There are a number of other provisions defining a qualifying corporate bond, but the issue in this case concerned euro conversion clauses on the terms of the bonds. There were two clauses that provided for the possibility that the UK might replace sterling with the euro prior to the redemption date of the bonds in this case:

  1. If the lawful currency of the UK changed from sterling to another currency, the obligations arising under the bonds would be due in the new currency converted at the rate of exchange determined by the Bank of England.  The conditions of the notes would in that event be changed so far as practicable, to place the Issuer, the Note Trustee and the Noteholders in the same position each would have been in had no change in currency occurred.
  2. Once the UK became a Participating EU Member State the issuer of the bond may on giving at least 30 days’ prior notice to the noteholders “designate a Note Payment Date as the Redenomination Date”.  In this case the notes would be denominated into Euros at the rate for conversion of Sterling into euro established by the Council of the European Union under the Treaty.

The UK currently has a derogation from the adoption of the euro which it would have to give up in order for monetary union to take place.

Court of Appeal’s decision

The Court of Appeal agreed with the UT that TCGA 1992 s.117 could not be interpreted such that “sterling” could be read as including another currency should the UK replace sterling.
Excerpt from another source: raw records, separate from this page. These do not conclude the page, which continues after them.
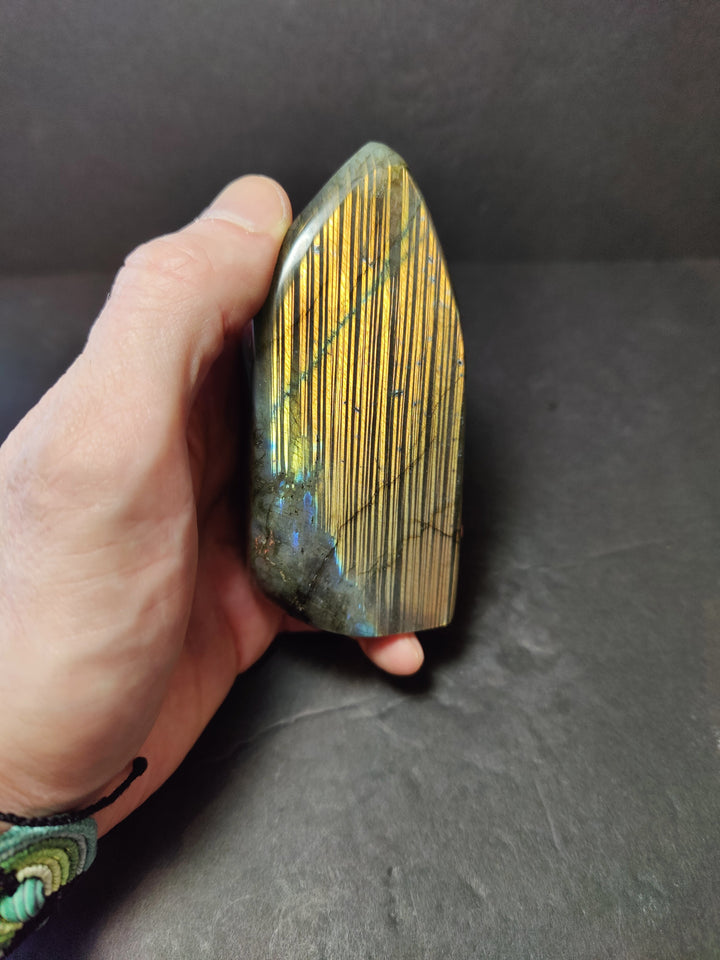 Polished labradorite freeform sculpture, tall oblong with gold stripes and blue accents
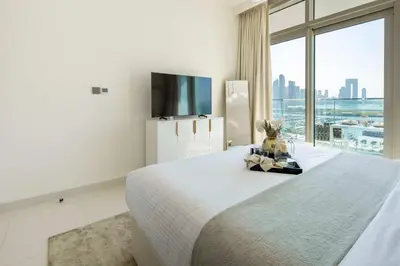 a white bedroom with a large bed and a large window at Frank Porter - Sunrise Tower in Dubai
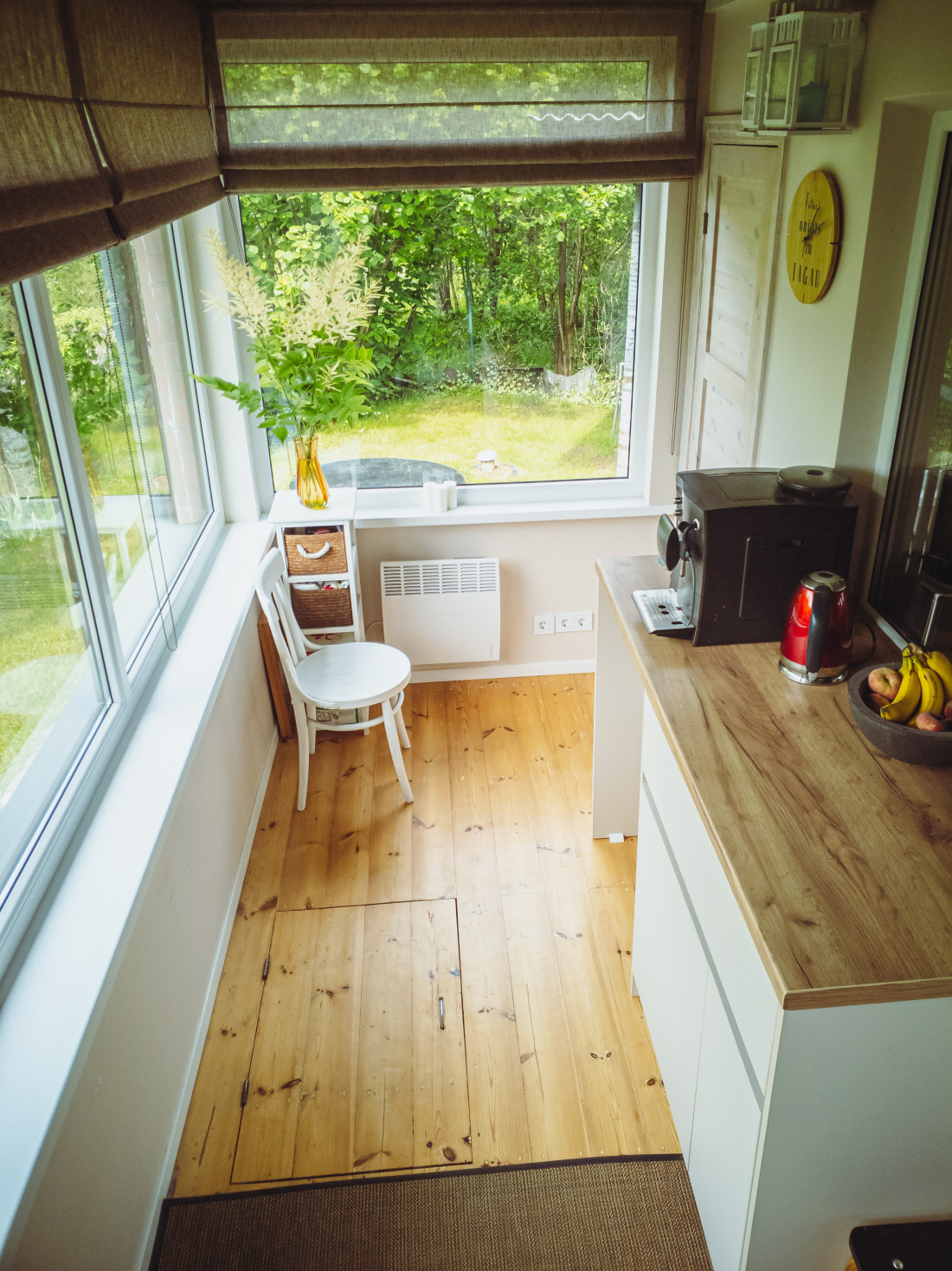 Kitchen area with windows and garden view.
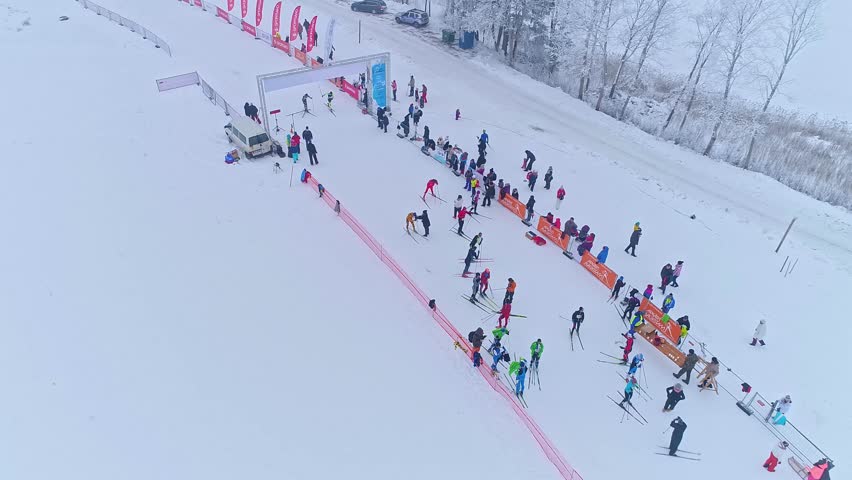 Aerial view of cross country skiing competition with athletes and spectators gathered at the start line in a snowy landscape in Latvia.
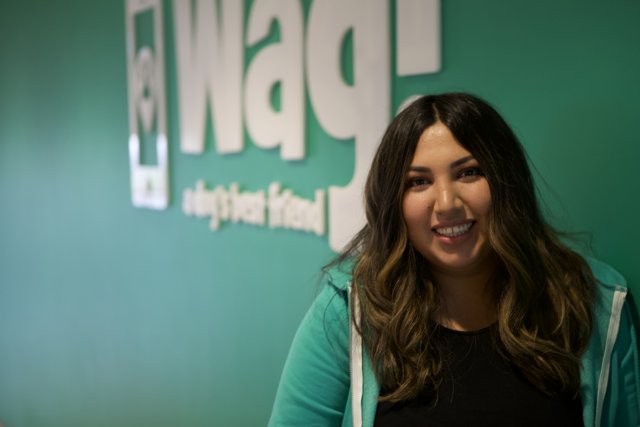 Smiling Woman Poses in front of WAG Logo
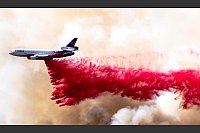 Ein Flugzeug wirft Löschmittel über dem Mandeville Canyon in Los Angeles ab. - © Brian Cahn/ZUMA Press Wire/dpa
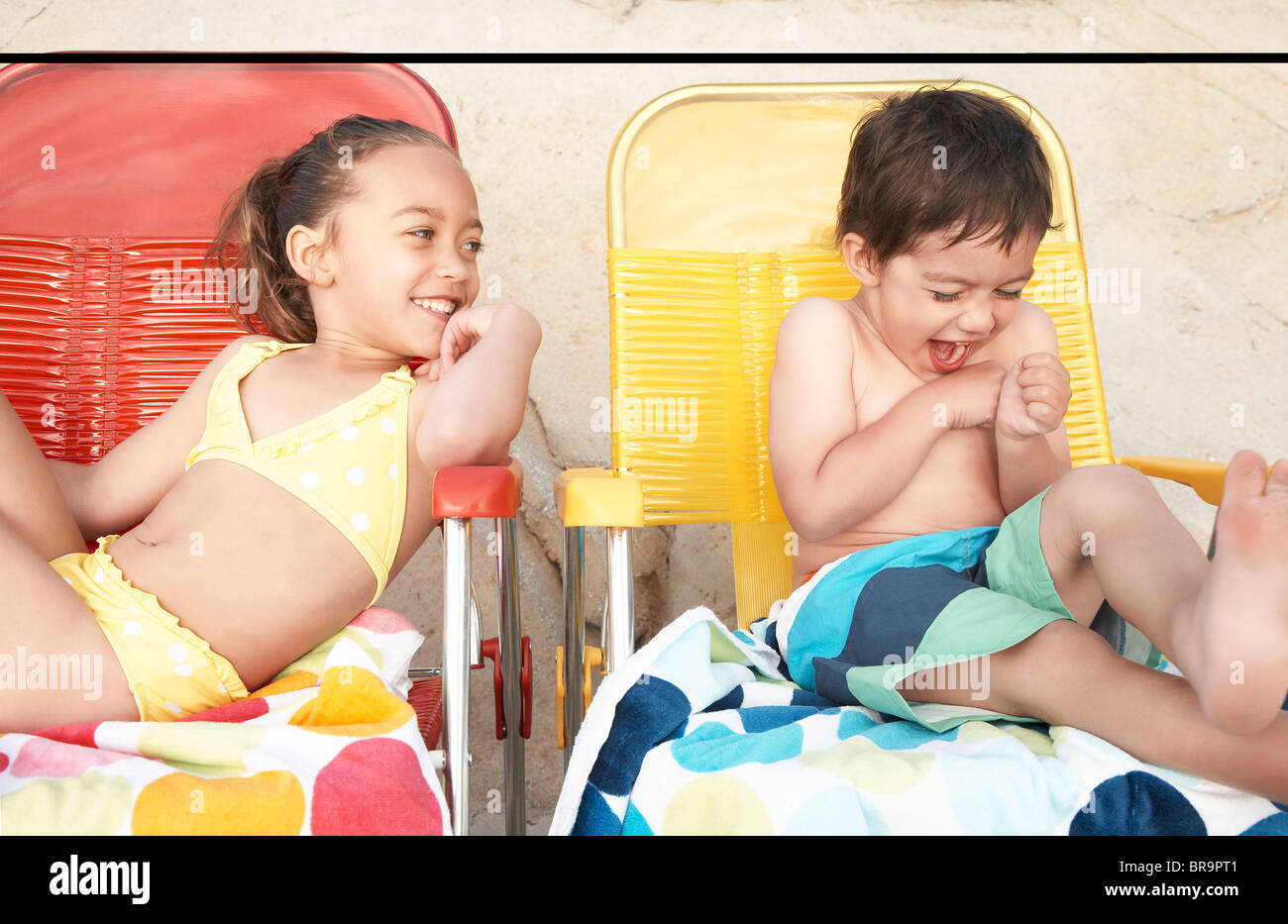 Kinder in Badeanzügen auf Liegestühlen Stockfoto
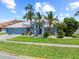 Charming home featuring a well-manicured lawn, lush landscaping, and inviting curb appeal with graceful palms at 5104 E Longboat Blvd, Tampa, FL 33615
However they disagreed with the UT that the EU regulations’ transitional provisions meant the adoption of the euro would not lead to immediate redenomination of the bonds due to the UK’s derogation from those provisions. Instead the Court of Appeal considered that if the UK chose to adopt the euro it would necessarily have had to waive its derogation.  The Court of Appeal therefore considered the bonds were QCBs notwithstanding the inclusion of the two clauses mentioned above.